There will never be a light at the end of this tunnel if we cannot wrap our heads around the idea that medicalizing every aspect of our lives is itself pathological.

The American Heart Association, funded in large proportion by the pharmaceutical industry, last year published workplace screening guidelines that violated its own clearly stated conflict of interest policy, and let a vendor who would directly benefit participate in the drafting. Also on this luminous writing team was the former head of the American College of Sports Medicine, which, like many in the fitness community, wants further medicalization of exercise, to the point that it should be physician “prescribed” and, then, of course, paid for by someone else. Why don’t we just let health plans buy everyone’s groceries?

In fact, Congress should go a step further, and place a federal excise tax on all health care services, from office visits to surgeries to drugs. You want to see a market (re)form overnight?
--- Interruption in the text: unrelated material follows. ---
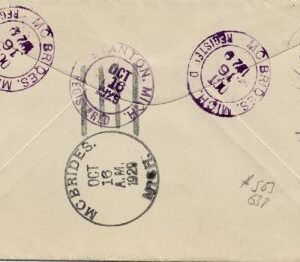 US Michigan, McBrides 638, 692 Fancy Cancel Cover, Cross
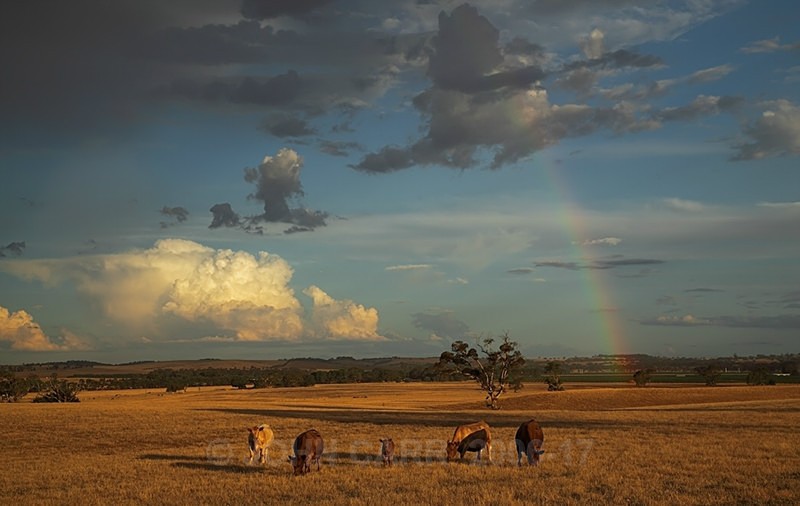 Five Cows and a Rainbow-0112 - STORM/CLOUD CHASE PHOTOS 23/1/2012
Stop tax-coddling this not-to-for-profit wasteland and make people feel the impact not only of their health-care choices, but also of their lifestyle choices. When there is virtually no disagreement that up 30 percent of our total medical care spending is inappropriate, there might be no quicker way to upend it than to make lousy choices more costly.

American health care suffers from so many maladies that is hard to know where to start, and it is impossible to envision an end game. But it is long past time to shatter the idol’s feet. At every reform effort since the passage of Medicare and Medicaid 50 years ago, we’ve heard that there is a light at the end of the tunnel. Efficiency, safety, effectiveness, and transactional honesty are just ten more years and another trillion dollars away.

But, in fact, there is no light, and the tunnel is without end. And there will never be a light if we cannot wrap our heads around the idea that the medicalization of every aspect of our lives is itself pathological. As we near the point where we spend nearly $10,000 per person per year on health care, it is increasingly clear that this addiction so deeply permeates our culture, across all demographic lines, and major surgery might be the only way to fix it.